辞書を何冊か持ち歩くのに比べるとましですが、常時携帯するには少し重かった。
ですからすぐにコレクションの一部になってしまいました。
今の電子辞書は、かばんに忍ばせておいてもぜんぜん気にならないサイズと重さになったので
本当に実用的で便利ですね。
私が電子辞書を使っていて一番不便に思うのは、「一覧性の無さ」です。
英語の成句などを調べるときに時間がかかります。
しかし、その後は自分の単語帳に手書きで書き込んでいるので、
とりたてて問題になることはありません。
最大の利点はちょっと何か調べたいときに、軽くて身近にある分
紙の辞書よりも手が伸びやすくなったことです。
それまでだったらいちいち辞書を取り出すのが面倒でしたが
電子辞書ではそういうことも少なくなりました。
投稿者: ムギ (Dec 20, 2004, 1:42:45 AM)
iwasakixさん、こんにちは。
コメントありがとうございました。
ああそうですね、確かに電子辞書があると、ちょっと引きたい、と思うときにサクサクっと引けますね。

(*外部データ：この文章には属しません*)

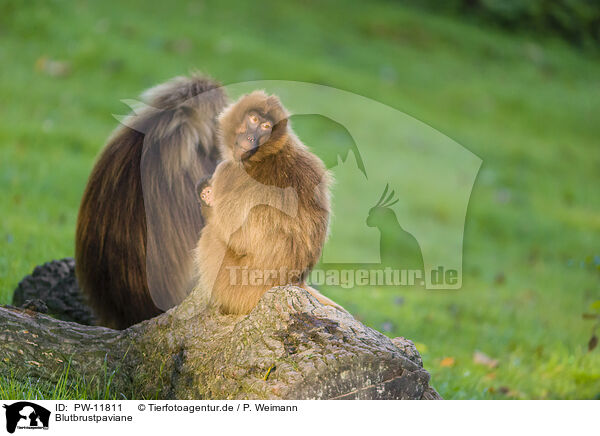 Blutbrustpaviane / gelada baboons / PW-11811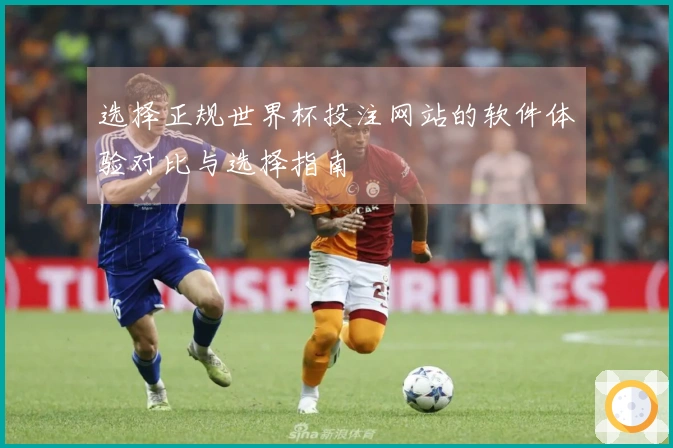 选择正规世界杯投注网站的软件体验对比与选择指南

なので、電子辞書と紙の辞書、やはり使い分けが大事のようです。
そう、EBではディスクの出し入れ、年中やっていましたねぇ(笑)。電池もすぐになくなって、大変でした。ICになって飛躍的に電子辞書も使い勝手が高まったと思います。
電子辞書で一覧性を持たせることはできるのでしょうか? 機会があったら、専門家に聞いてみたいものです。
投稿者: すらごびる (Sep 16, 2005, 12:25:23 AM)
偶然、下記のサイトを見つけました。
http://www.ike1.com/english/tips_page_r04.htm
このサイトで言っている「辞書での周辺のブラウズ」が、電子辞書でトンネル・デザインに陥らない方法として有効なんでしょうか?他に何かないかなぁ?
投稿者: ムギ (Sep 17, 2005, 11:01:38 PM)
すらごびるさん、こんにちは。
あーーー、こういう寄り道はいいと思いますよ。電子辞書はジャンプの機能が豊富ですから、どんどんジャンプして、周辺の単語とかみるとおもしろいかも。
どうでしょうか?
投稿者: 小林範彦 (May 22, 2012, 7:31:25 AM)
はじめまして。韓国語講師をしている日本人です。私が韓国語をを学び、また、韓国に留学していた時は、ずっと紙の辞書でした。特に留学先でのことですが、電子辞書を使っている生徒より紙の辞書を使っている生徒の方が、成績がいい場合がほとんどでした。どうして?という疑問を持ち続けていたのですが、こちらを拝見させていただき、疑問が解けたような気がします。また、私が教えている学校では、ほとんどの生徒が電子辞書あるいは、スマートフォンのアプリからダウンロードしたものを使っていますが、その光景に疑問を持たざるをえません。しかし、明確な根拠、あるいは、紙の辞書が良いという理論的な説明ができずにいました。こちらの記事で今までよりも説得力がある説明ができそうです。